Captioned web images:
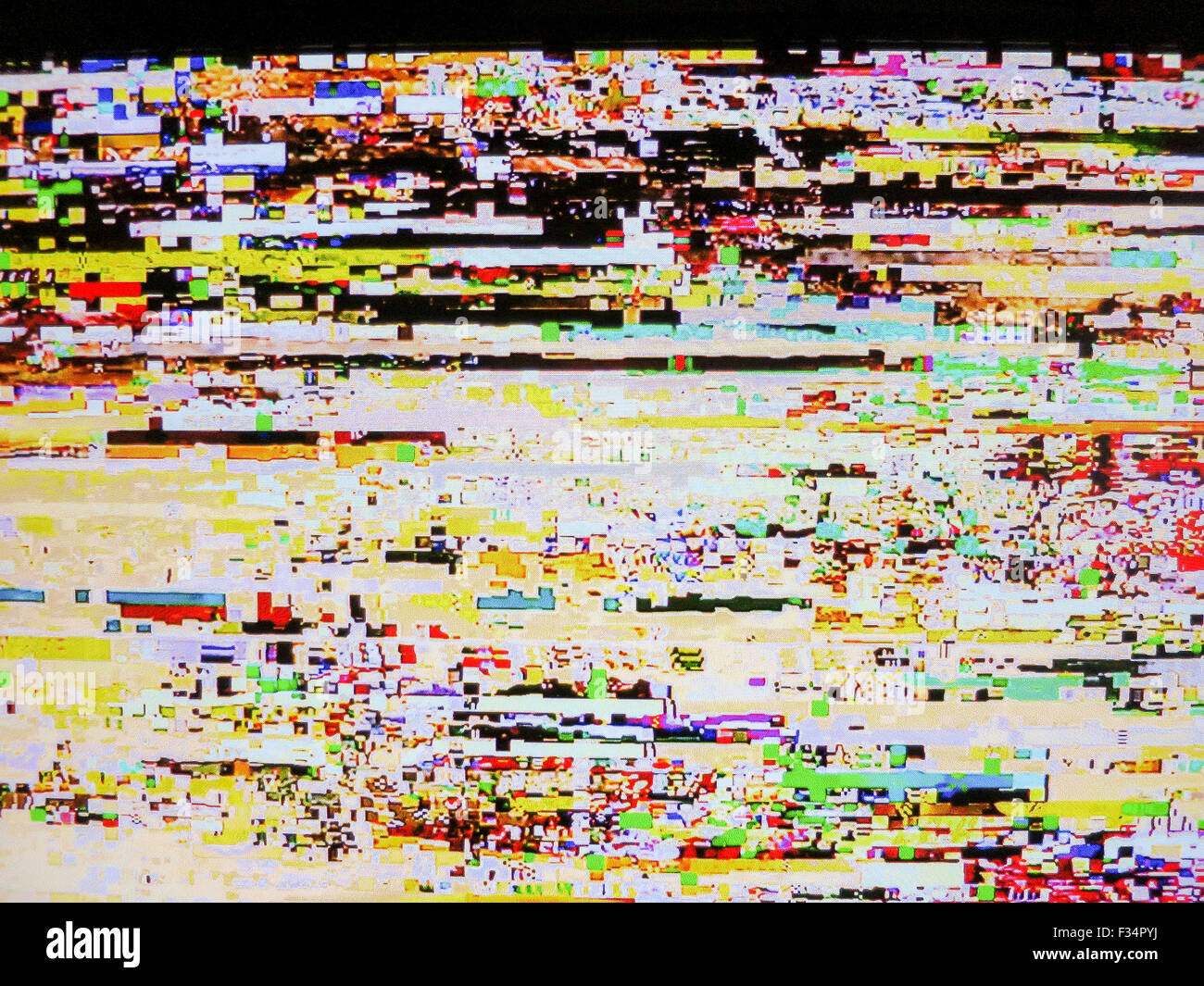 Severely pixelated tv screen. Stock Photo
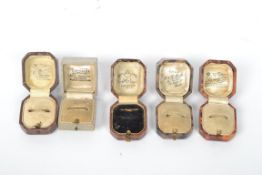 A group of antique jewellery ring boxes, to include Haywards of Bath, Symons and Sons, Marsh of Bath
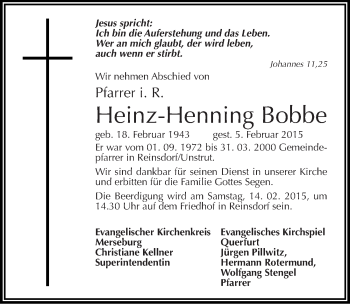 Traueranzeige von Heinz-Henning Bobbe von Mitteldeutsche Zeitung Merseburg/Querfurt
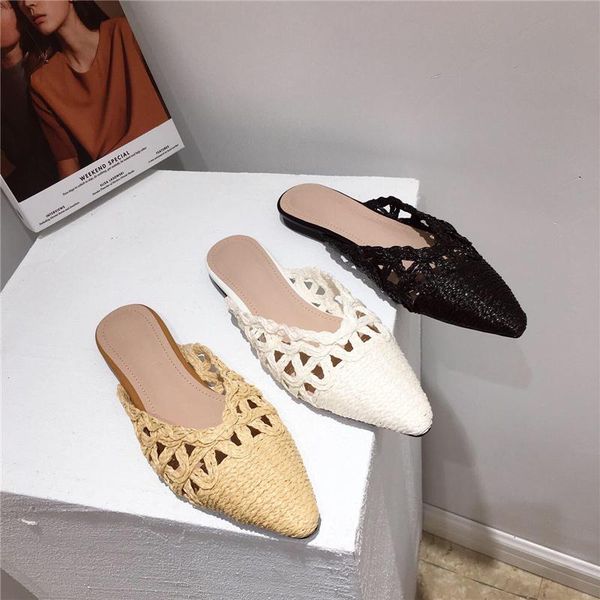 

solid color women's pointed toe low heel slippers summer woven rattan grass sandals beach shoes flat slides mules, Black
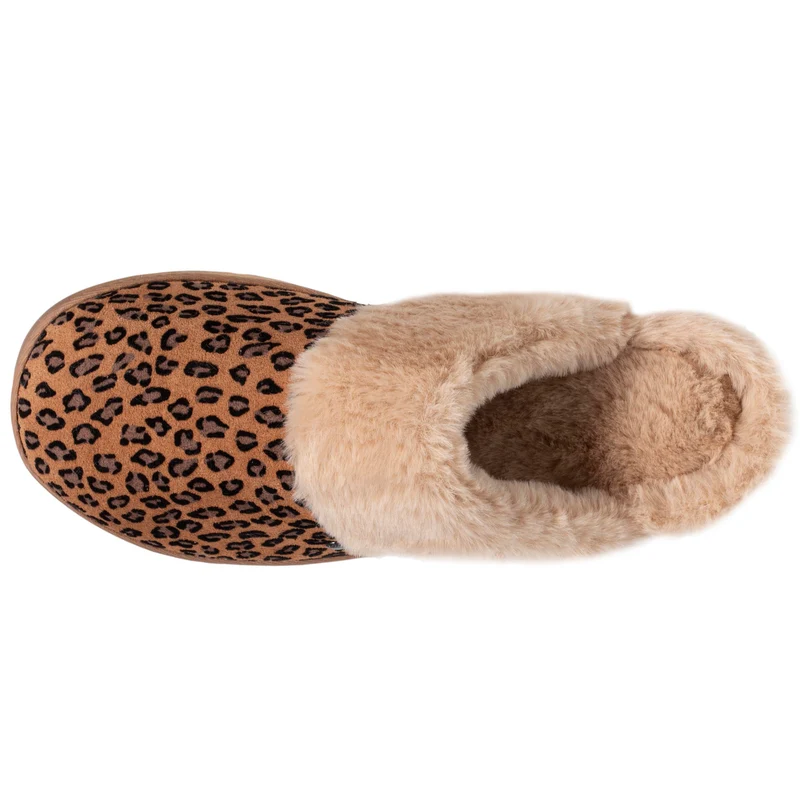 Chaussons mules cuir Femme Léopard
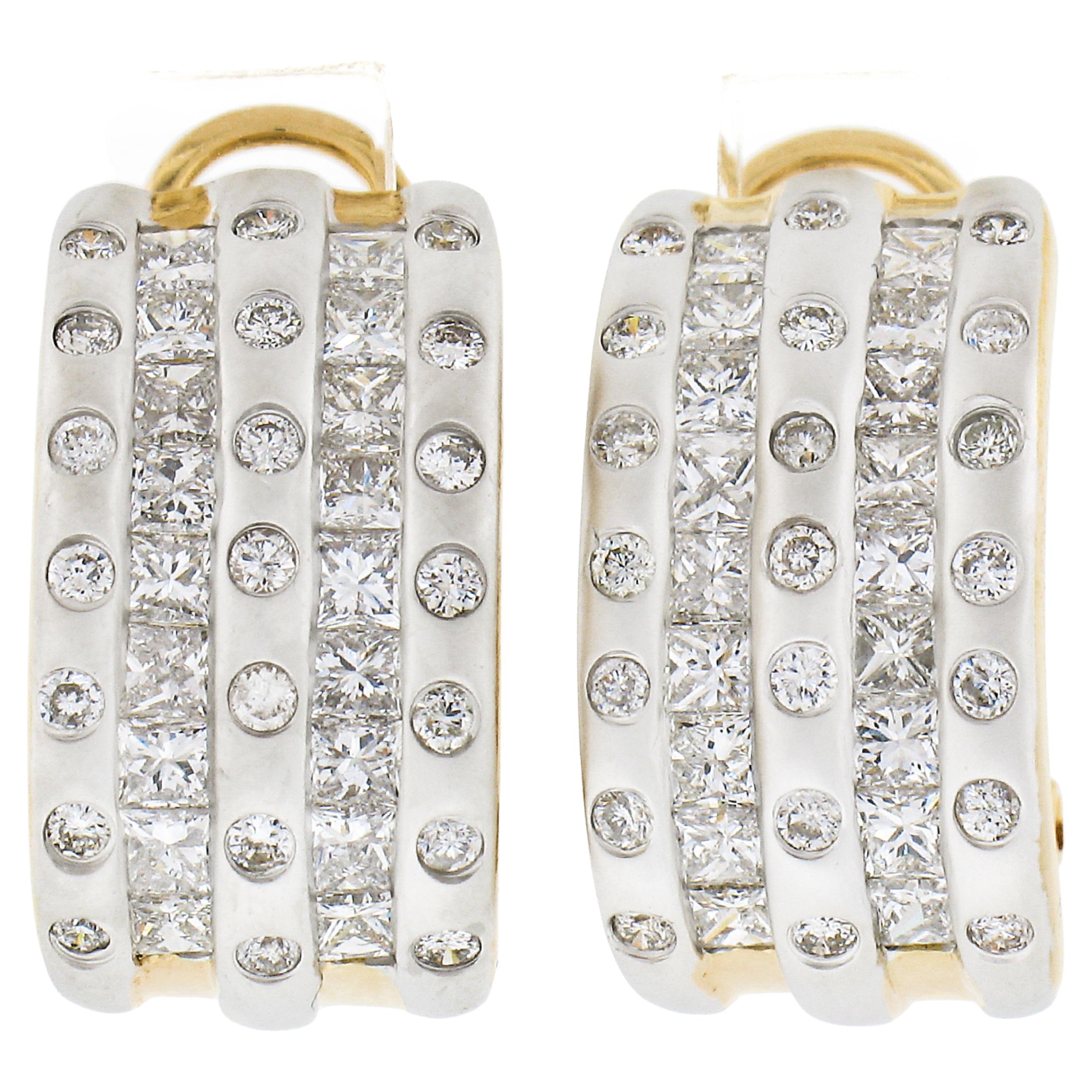 18K Gold 2.3ct Channel Princess & Burnish Round Diamond 5 Row Cuff Omega Earring For Sale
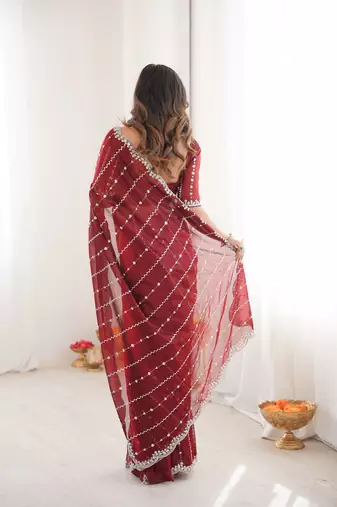 Maroon twill net ethnic and girlie ceremonial saree girls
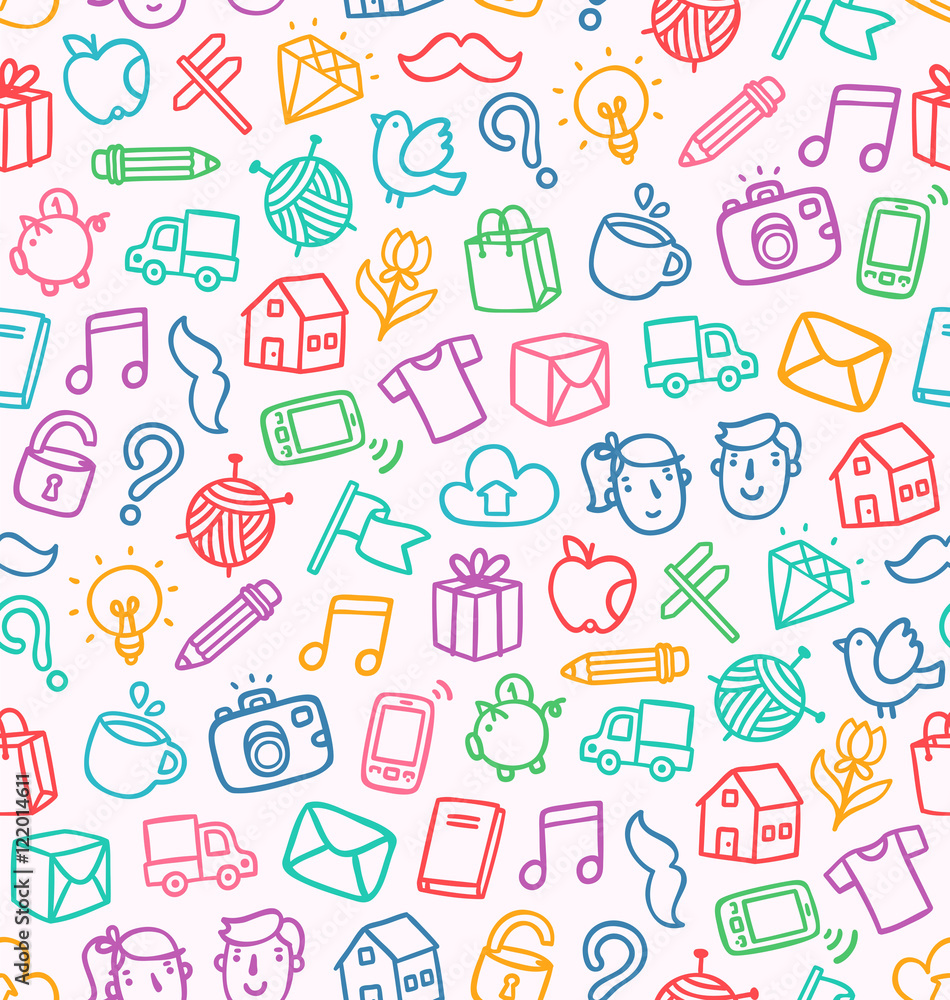 Miscellaneous doodle seamless pattern Miscellaneous doodle seamless pattern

Task item ->
Above are the records; print them all exactly and keep the pictures out.

Exercise output ->
 Severely pixelated tv screen. Stock Photo
 A group of antique jewellery ring boxes, to include Haywards of Bath, Symons and Sons, Marsh of Bath
 Traueranzeige von Heinz-Henning Bobbe von Mitteldeutsche Zeitung Merseburg/Querfurt

solid color women's pointed toe low heel slippers summer woven rattan grass sandals beach shoes flat slides mules, Black
 Chaussons mules cuir Femme Léopard
 18K Gold 2.3ct Channel Princess & Burnish Round Diamond 5 Row Cuff Omega Earring For Sale
 Maroon twill net ethnic and girlie ceremonial saree girls
 Miscellaneous doodle seamless pattern Miscellaneous doodle seamless pattern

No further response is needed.